Not long after we crossed Virginia State Route 7 in Loudoun County, my wife, knowing that we were now parallel with the West Virginia line and the Shenandoah River, looked at me with an impish grin, then softly sang those three place names as John Denver did in his famous song: “West Vir-gin-ya. Blue Ridge Mountains. Shen-an-do-ah River.”
“Don’t do it!” I begged.
No quarter was given: “Country rooooooads, take me hoooome, to the plaaaace, I beloooooong.”
“Dangit!” I joined in. My son, Eric, didn’t.
As my wife and I flubbed the verses (“Life is old there … blowing like the breeze … Miner’s lady. Something, something. Dark and dusty, painted on the sky.”), I realized: Something was wrong with this song. “West Virginia.” “Blue Ridge Mountains.” “Shenandoah River.”
“That’s a place that can barely exist, isn’t it?” I asked. We all vaguely knew the answer, because our Virginia home sits within a mile of all these things. Eric pulled up Google Maps (you may want to grab a map now, too). The Shenandoah River starts near Front Royal in the Shenandoah Valley in Virginia. About eight miles north of Virginia State Route 7, it passes into the extreme Eastern Panhandle of West Virginia, where it runs north along the western base of the Ridge for about 15 miles before meeting with the Potomac at Harper’s Ferry. The river is generally a mile or less from the West Virginia border which runs along the top of the Ridge. There are no mountains to the west of the river, only the flat or gently rolling “Breadbasket of the Confederacy.”

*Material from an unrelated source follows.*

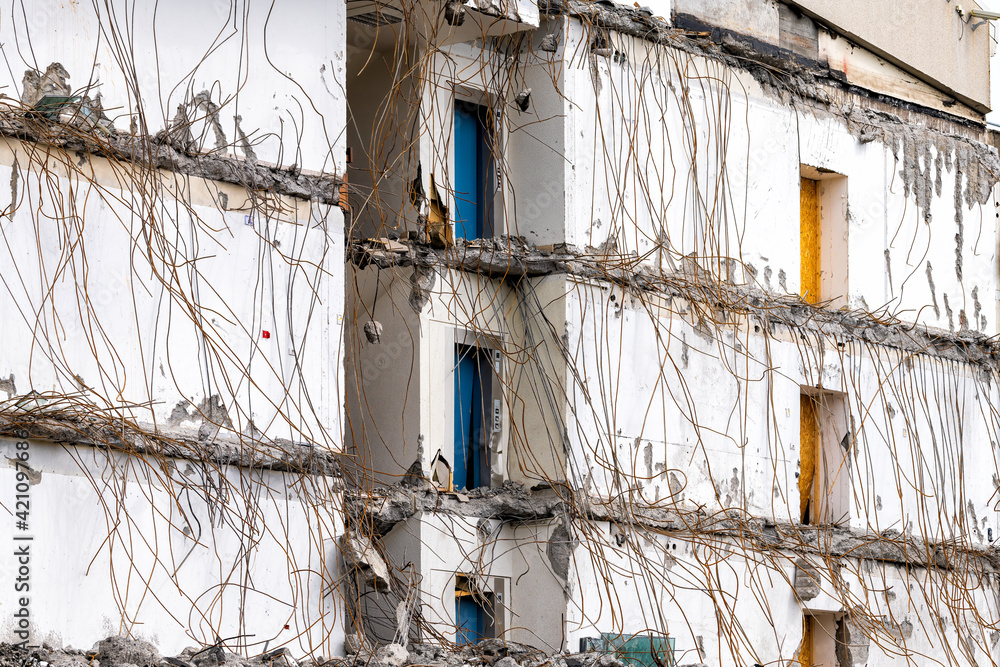 Rundown dilapidated broken building with wires cables hanging from white wall in Reykjavik, Iceland construction site of house home Rundown dilapidated broken building with wires cables hanging from white wall in Reykjavik, Iceland construction site of house home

Meaning, the evocative scene in the song describes a place quite different than the deep-in-a-remote-hollow-next-to-a-coal-mine place I had always imagined. The song wasn’t written by Denver alone—much of the text was penned by longtime D.C.-area resident Bill Danoff—but that almost makes it worse that the famous West Virginia/ Blue Ridge Mountains/Shenandoah River only exists for a 15-mile-long, 1-mile-wide strip traversed nearly entirely by only one road. Plus, I had never seen a miner’s lady who was a stranger to blue water, nor a “dark and dusty” sky. I vowed to investigate.

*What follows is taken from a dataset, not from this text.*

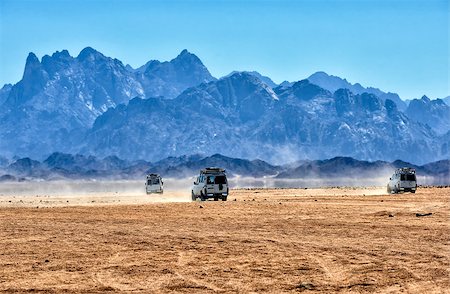 simsearch:400-08336472,k - Landscape of Sahara desert with jeeps for safari. Stock Photo - Budget Royalty-Free & Subscription, Code: 400-07917627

The next morning I drove up to Harper’s Ferry and followed Chestnut Hill Road and Mission Road along the Ridge and river toward West Virginia’s Shannondale Springs Wildlife Management Area, one of my favorite birding spots in the region. I took two wrong turns in the woods, and I drove through old villages melting back into nature. Honestly, I thought, you could drive this road, perhaps at dusk or night, and be in the song. Although I know now that Danoff had never been to West Virginia, and he and Denver were just conjuring melodious words to compose the song, they accidentally described a place that is sort-of real.
But, but, after talking to several locals, the songwriters blew it when they suggested this is coal-mining country. “Not a single one,” one oldtimer from Shannondale said. “No coal in the Blue Ridge here. Well-known fact.” And so, no darkness and dustiness painted on the skies, presumably by coal. As for never seeing blue water: The Shenandoah is plenty blue, as is the reservoir of the area’s Mountain Lake Club.
This tiny stretch of West Virginia was, like the Virginia side of the Ridge, well known for its high-carbon charcoal—made from the trees of the Ridge—which was often used in the iron mills in the area. Indeed, resources and old-time industry wise, this area has more in common with our state than with West Virginia.
As do the people. Of those who work away from home, a majority work in Loudoun and Fairfax counties in Virginia, not in West Virginia. Houses are $100,000 to $150,000 cheaper if you go one mile west of our house in Virginia. (We’ve been tempted to make the move, too.)
“I’ve never been in a coal mine, I’ve seen plenty of blue water, and I’ve never been called ‘Mountain Momma,’” said a ridgetop resident who works at the Purcellville Wells Fargo Bank branch. “We’re a bunch of Virginia commuters. That’s why (Virginia State Highway 9) is packed every morning and night.” And “Take Me Home, Country Roads” is West Virginia’s state song? It could as easily be Virginia’s state song. Just remove the bogus coal miner references and a few “West”s and you have an evocative description of the place my wife, son, and I longed for that evening driving back from Richmond.
Ultimately, as Denver said many times, this song is more about a feeling than an actual place. “Take Me Home, Country Roads” has remained iconic for 50 years not because it inaccurately describes only a few neighbors just to our west, but because it describes that feeling we all get longing for the place we call home.